2. A key benefit of virtualization is the ability to run multiple operating systems on a single physical system and share the underlying hardware resources – known as partitioning.
3. Today, virtualization can apply to a range of system layers, including hardware-level virtualization, operating system-level virtualization, and high-level language virtual machines.
4. Hardware-level virtualization was pioneered on IBM mainframes in the 1970s, and then more recently Unix/RISC system vendors began with hardware-based partitioning capabilities before moving on to software-based partitioning.
5. For Unix/RISC and industry-standard x86 systems, the two approaches typically used with software-based partitioning are hosted and hypervisor architectures).
6. A hosted approach provides partitioning services on top of a standard operating system and supports the broadest range of hardware configurations.

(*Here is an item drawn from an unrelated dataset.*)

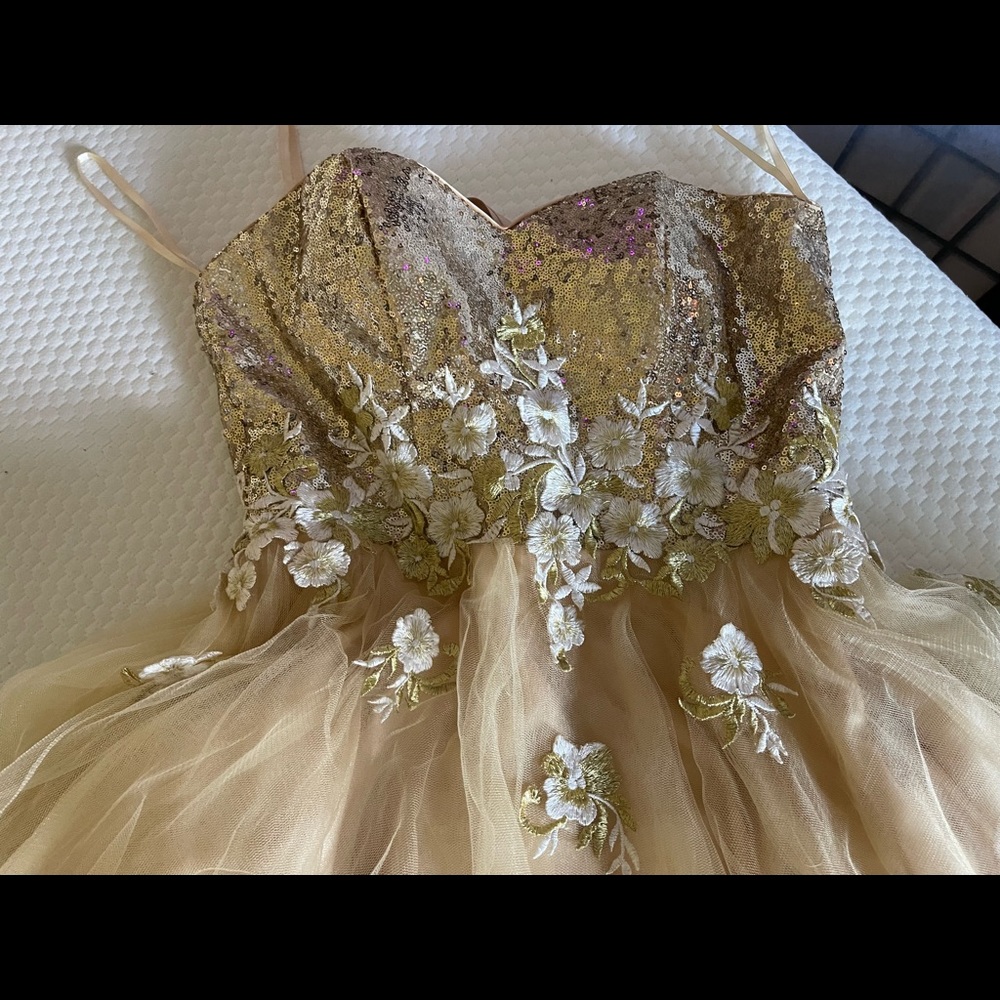 Gold floral short frilly prom dress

7. In contrast, hypervisor architecture is the first architecture is the first layer of software installed on a clean x86-based system (hence it is often referred to as a “bare metal” approach).
8. Since it has direct access to the hardware resources, a hypervisor is more efficient than hosted architectures, enabling greater scalability.
Figure 1: Data Visualization
Q9) Explain Hadoop Ecosystem.
A9)
- Hadoop Ecosystem is a platform or a suite which provides various services to solve the big data problems. It includes Apache projects and various commercial tools and solutions.
2. There are four major elements of Hadoop i.e. HDFS, MapReduce, YARN, and Hadoop Common. Most of the tools or solutions are used to supplement or support these major elements.
3. All these tools work collectively to provide services such as absorption, analysis, storage and maintenance of data etc.
4. Following are the components that collectively form a Hadoop ecosystem:
- HDFS: Hadoop Distributed File System
- YARN: Yet Another Resource Negotiator
- MapReduce: Programming based Data Processing
- Spark: In-Memory data processing
- PIG, HIVE: Query based processing of data services
- HBase: NoSQL Database
- Mahout, Spark MLLib : Machine Learning algorithm libraries
- Solar, Lucene: Searching and Indexing
- Zookeeper: Managing cluster
- Oozie: Job Scheduling
Q10) Explain the working of oozie.
A10)
- Oozie runs as a service in the cluster and clients submit workflow definitions for immediate or later processing.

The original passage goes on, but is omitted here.